KRYZYS GOSPODARCZY I WIĘZI Z ROSJĄ

Turcja przeżywa najpoważniejszy kryzys gospodarczy od dwudziestu lat, a zatem od kiedy prezydent Recep Tayyip Erdogan jest u władzy. Paradoks sytuacji polega na tym, że Erdogan doprowadził do wyjścia Turcji z odziedziczonej po poprzednikach zapaści gospodarczej i wejścia na drogę imponującego rozwoju na początku XXI wieku. Obecnie jednak polityka gospodarcza rządu tureckiego niekoniecznie ułatwia poradzenie sobie z zapaścią gospodarczą.  

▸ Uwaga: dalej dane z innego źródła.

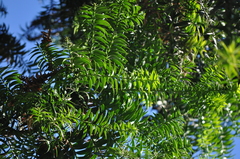 Cupressus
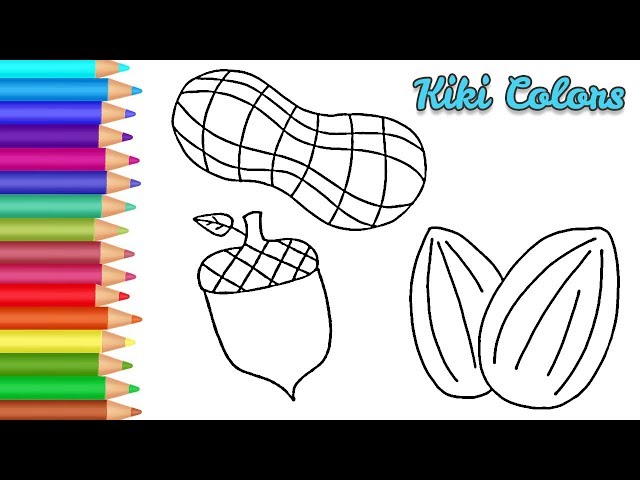 How to color nuts drawing and coloring videos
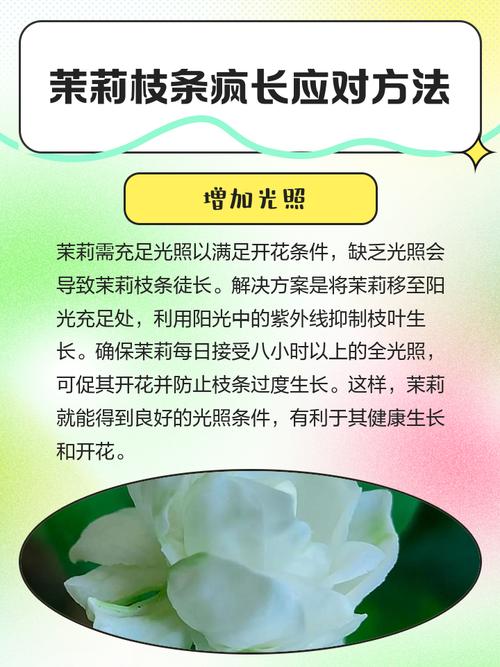 茉莉枝条疯长原因是什么，如何解决，茉莉总是长很长的枝条怎么办？-第5张图片-优品飞百科
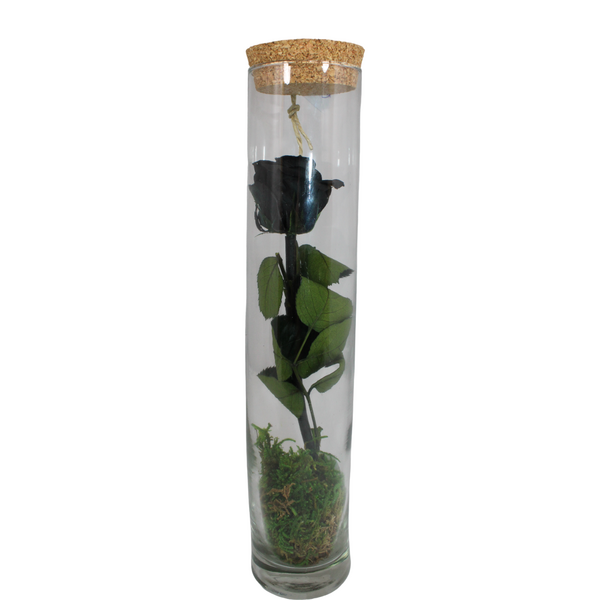 gestabiliseerde bloemen 22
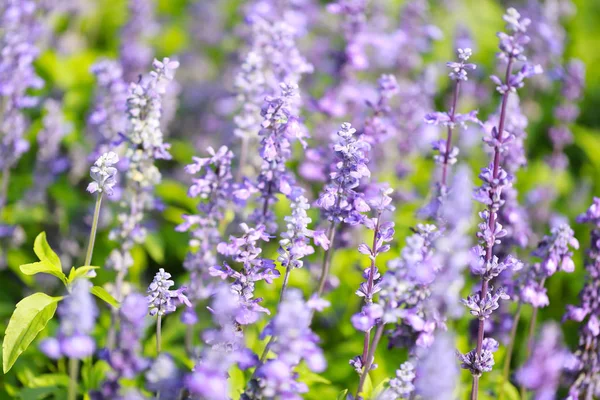 Lavender flowers blooming in the garden. — Stock Photo, Image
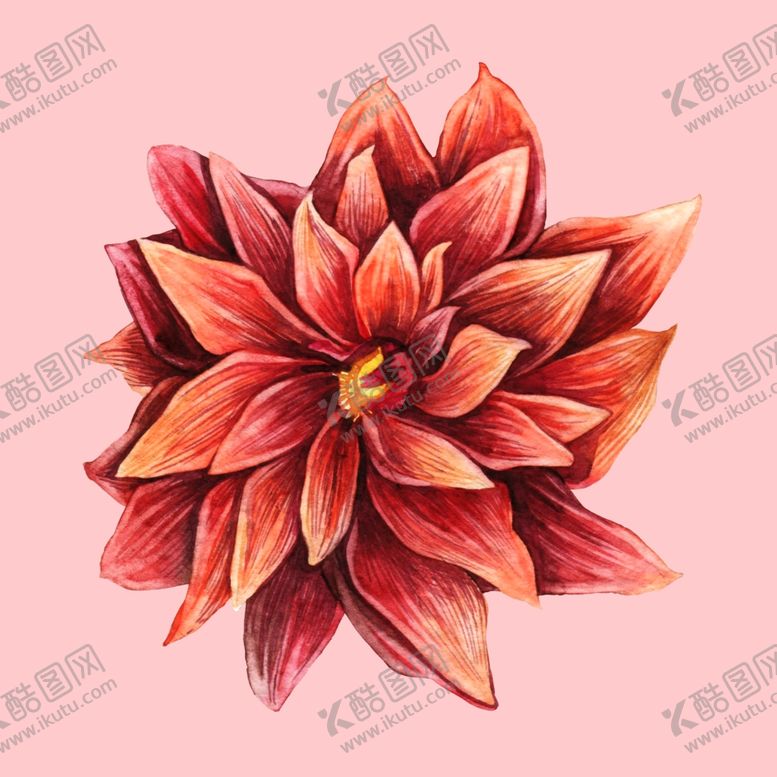 编号：44346609150533097034【酷图网】源文件下载-水彩植物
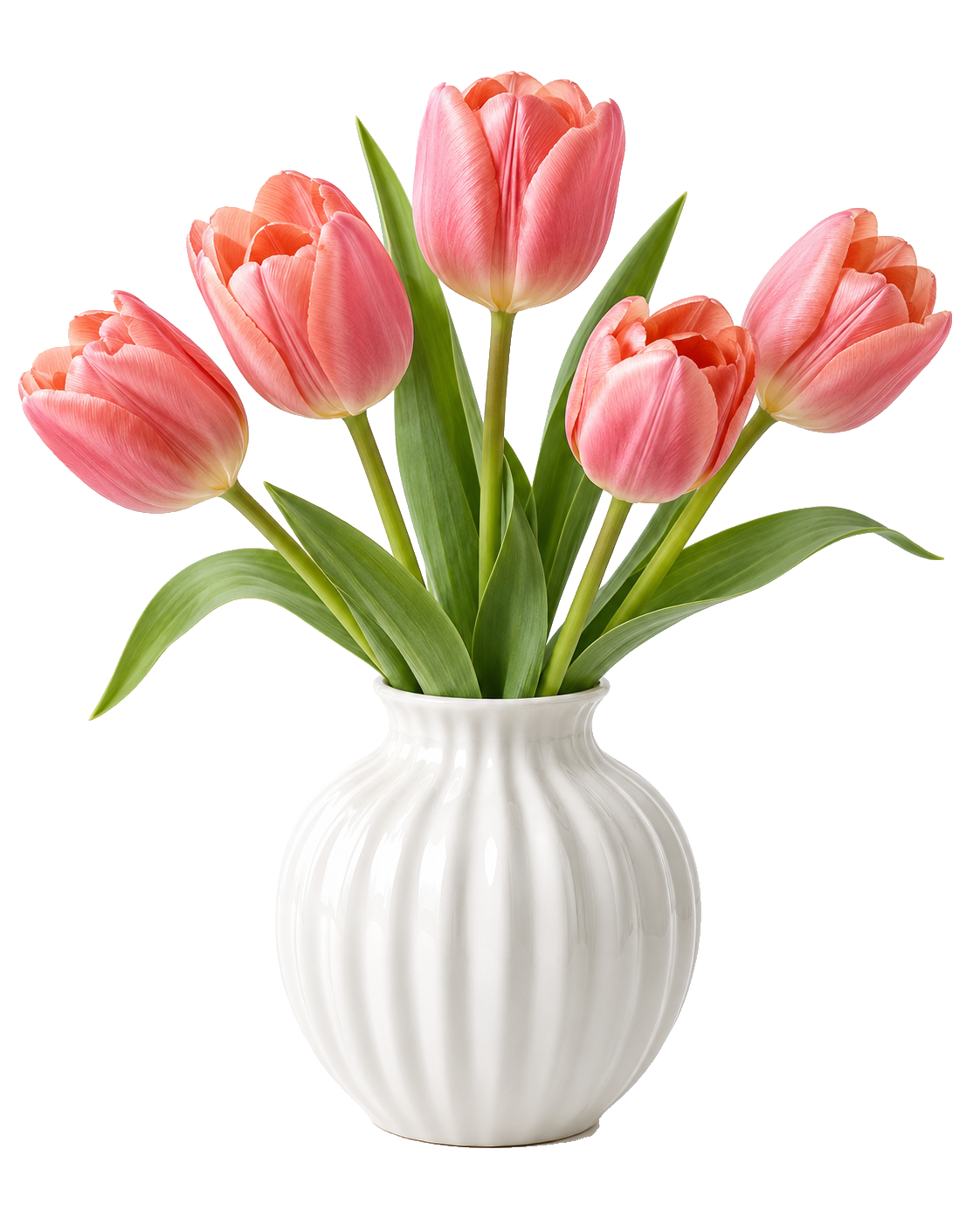 Pink tulips, background removed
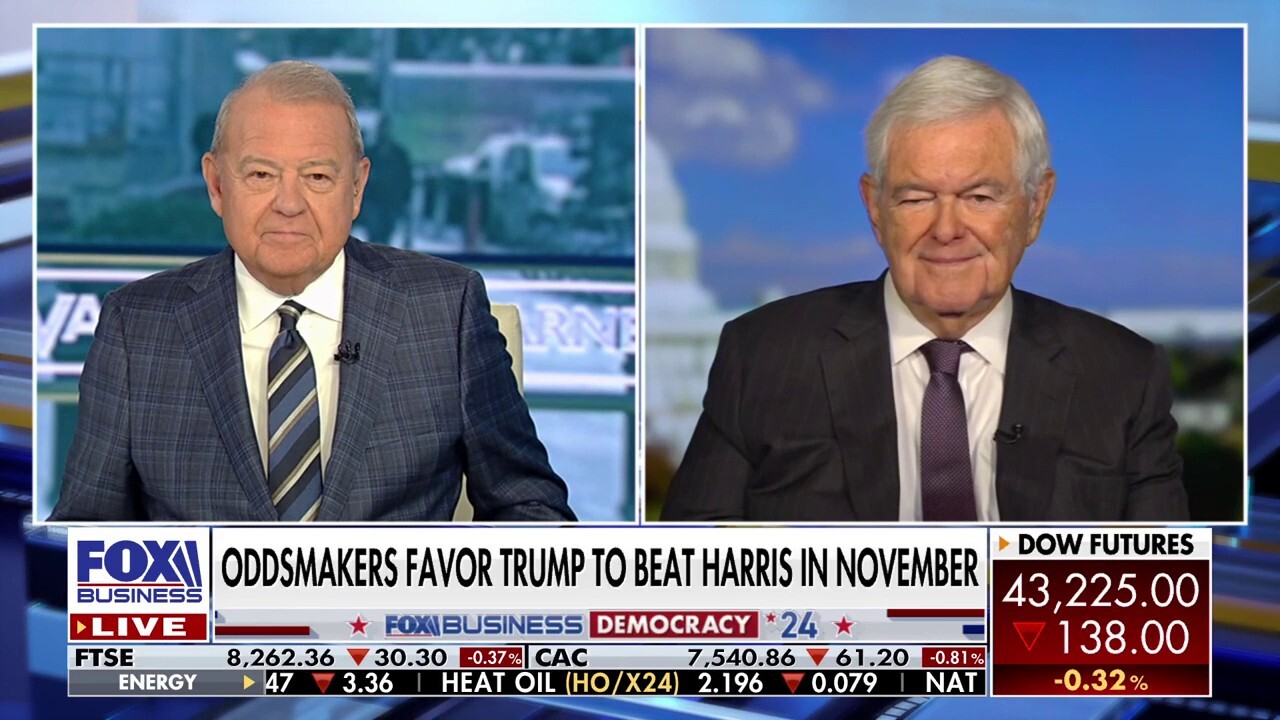 Kamala Harris 'is not ready for primetime': Newt Gingrich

Wskaźniki gospodarcze są alarmujące. Inflacja wyniosła w maju 2022 r. do ponad 70%,  jest najwyższa od 1998 r. i prawdopodobnie wzrośnie do lipca do 100%. Na domiar złego, w ciągu roku wartość liry tureckiej zmniejszyła się  wobec dolara amerykańskiego o 44% i obecnie płaci się za niego ponad 16,5 liry. Prowadzi to do ogromnego wzrostu cen żywności i innych dóbr konsumpcyjnych, przy płacy minimalnej w sektorze prywatnym w wysokości ok. 4200 lir a w sektorze publicznym średnio poniżej 7 000 lir.  Przez wiele lat motorem wzrostu gospodarczego w Turcji było budownictwo, jednak galopująca inflacja i ogromny wzrost cen na materiały budowlane – rzędu 124 % zatrzymał nowe inwestycje i utrudnia ukończenie już rozpoczętych. Do pogłębienia inflacji oraz spadku liry przyczyniła się również nieortodoksyjna wizja finansów  prezydenta Erdogana. Zgodnie z nią, im wyższe stopy procentowe, tym wyższa inflacja, co nie jest zgodnie z kanonami konwencjonalnej ekonomii. Prezydent Turcji przez wiele lat naciskał na szefów banku centralnego, by obniżać stopy procentowe, co doprowadziło do kilku rezygnacji z tej funkcji. Władze tureckie jednak mają nadzieję, że niskie stopy procentowe pomogą eksportowi tureckiemu a tym samym napędzą produkcję przemysłową w kraju i zwiększą inwestycje. Ma się to przyczynić do tworzenia nowych miejsc pracy, napływu twardej waluty, a tym samym zahamowania inflacji i przyspieszenia wzrostu gospodarczego. Jak dotąd te nadzieje się nie spełniają.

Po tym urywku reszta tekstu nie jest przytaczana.